The lightly examined nostrums of our day are different. Consider Secretary of State Marco Rubio’s recent, widely (and justly) praised speech in Munich. He claims that “we embraced a dogmatic vision of free and unfettered trade” while other countries took advantage of us.

Really? Here’s Scott Lincicome writing in 2016, during the supposed reign of free-trade dogmatism:

First, although the United States maintains a relatively low average import tariff of around 3 percent, it also applies high tariffs on a wide array of “politically-sensitive” (read: highly lobbied) products: 131.8% on peanuts; 35% on tuna; 20% on various dairy products; 25% on light trucks; 16% on wool sweaters, just to name a few.  (Agriculture is particularly bad in this regard.)  We also maintain a long list of restrictive quotas on products like sugar, cheese, canned tuna, brooms, cotton, and baby formula. . . .

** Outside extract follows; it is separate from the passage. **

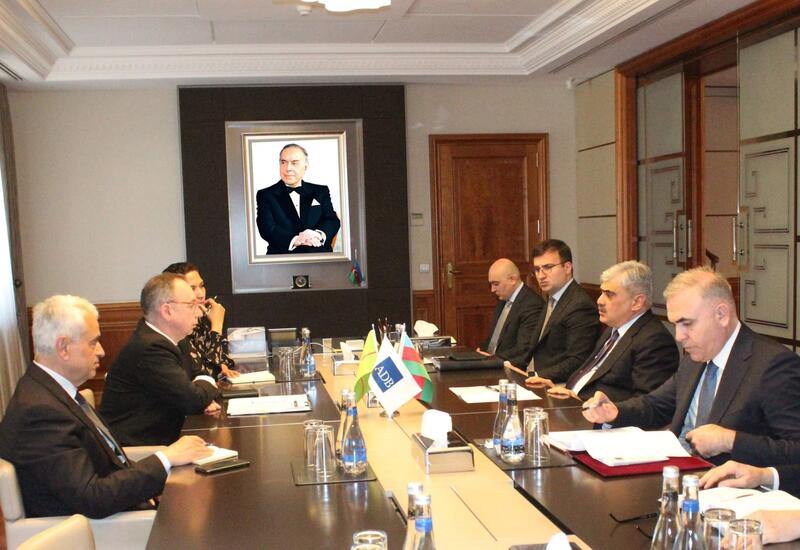 Обсуждено сотрудничество между Азербайджаном и АБР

Second, while America’s tariffs and other “formal” trade barriers have indeed been declining for decades, they are only a small part of the overall story.  U.S. non-tariff barriers – export subsidies, discriminatory regulations, “buy local” rules, “fair trade” duties, etc. – have exploded in recent years.  In fact, according to a recent analysis by Credit Suisse, when you add up all forms of trade barriers imposed between 1990 and 2013, the biggest protectionist in the world isn’t China or Mexico but none other than… the United States.

Sounds pretty fettered.

John Puri praises Justice Neil Gorsuch’s concurring opinion in Learning Resources v. Trump.

Also applauding Justice Gorsuch’s concurring opinion in Learning Resources is David Henderson.

The Editorial Board of the Wall Street Journal makes clear that Trump’s attempt to use the Trade Act of 1974’s ‘section 122’ to reinstate his tariffs punitive taxes on Americans’ purchases of imports is also unlawful, as the United States does not now have (as is required by that section) a balance-of-payments deficit. Two slices:

The smart play after his legal defeat would be to take an off-ramp and forgo or pause new tariffs. Instead the White House this weekend dusted off Section 122 of the Trade Act of 1974 as a work-around. That provision lets a President impose tariffs of up to 15% across the board for up to 150 days “to deal with large and serious United States balance-of-payments deficits.”

What a relic, which wasn’t intended to manage a trade deficit per se. Instead it’s a holdover from a bygone era of the gold standard, fixed exchange rates and periodic panics about global liquidity.

The balance of payments is much broader than the balance in the trade of goods or services. It encompasses an economy’s total international position, including trade and capital flows. These days the U.S. balance of payments deficit is effectively zero because trade and capital flows exactly offset each other. The balance of payments is such a nonissue that the feds stopped publishing several data series about it in the 1970s.

…..

The larger reality is that Mr. Trump is so bull-headed about tariffs that he’s going to re-impose them any way he can. Along with Section 122, he’ll fire up more Section 201, 301 and 232 (national security) studies and tariffs. But as our friend Don Luskin points out, these are pea shooters compared to the IEEPA tariffs the Court struck down. They are limited in scope and duration.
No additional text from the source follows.